• Task goal: Print exactly the lines below between the line holding "Cosy Oxford Holiday" and the line holding "黑芝麻虾皮豆渣饼的做法", inclusive, and nothing more.

• Extracted data:
************
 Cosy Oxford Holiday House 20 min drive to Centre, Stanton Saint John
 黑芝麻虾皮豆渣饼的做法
************
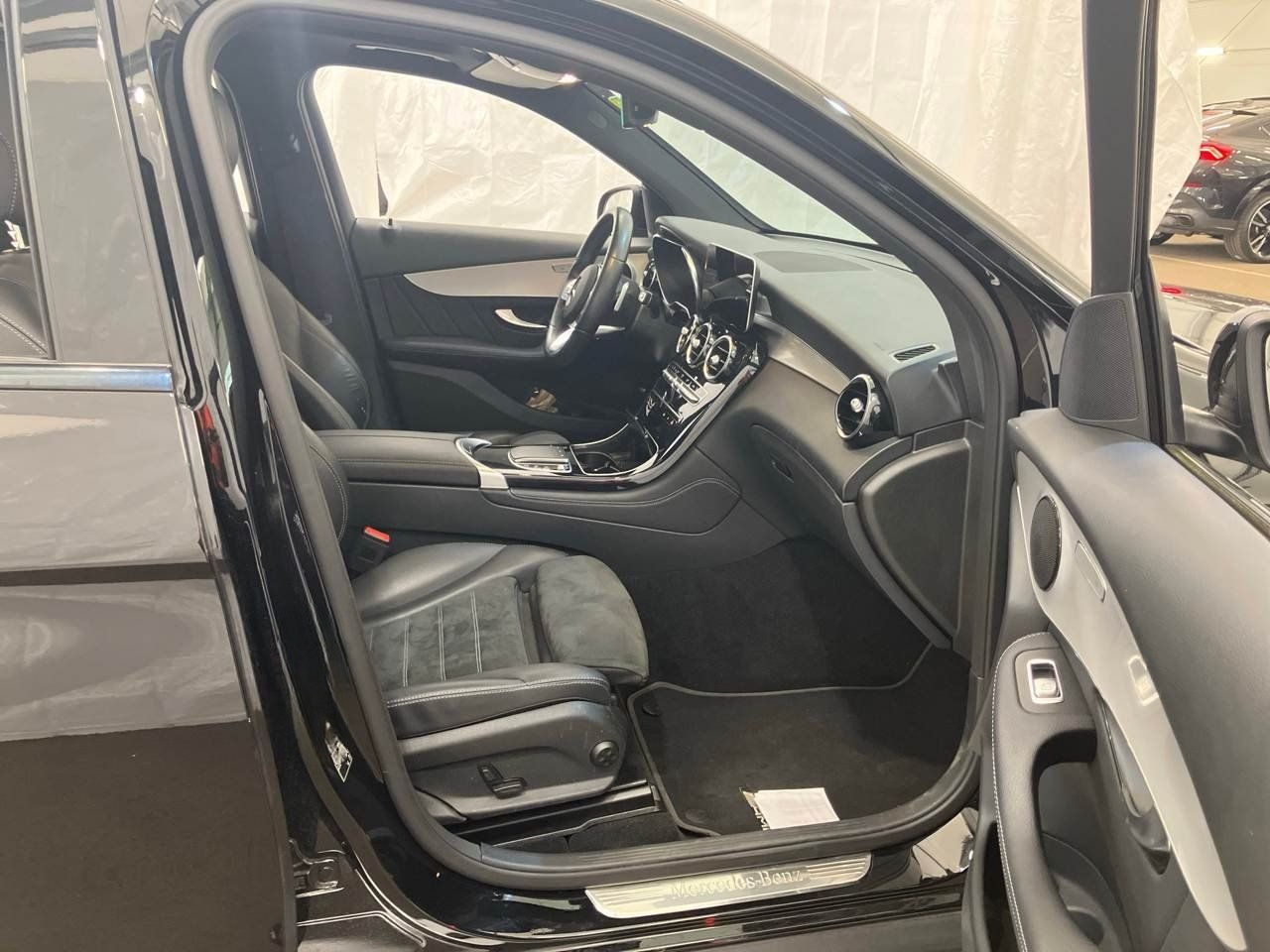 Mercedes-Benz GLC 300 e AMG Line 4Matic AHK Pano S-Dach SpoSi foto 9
************
• Response area:
 Cosy Oxford Holiday House 20 min drive to Centre, Stanton Saint John
 黑芝麻虾皮豆渣饼的做法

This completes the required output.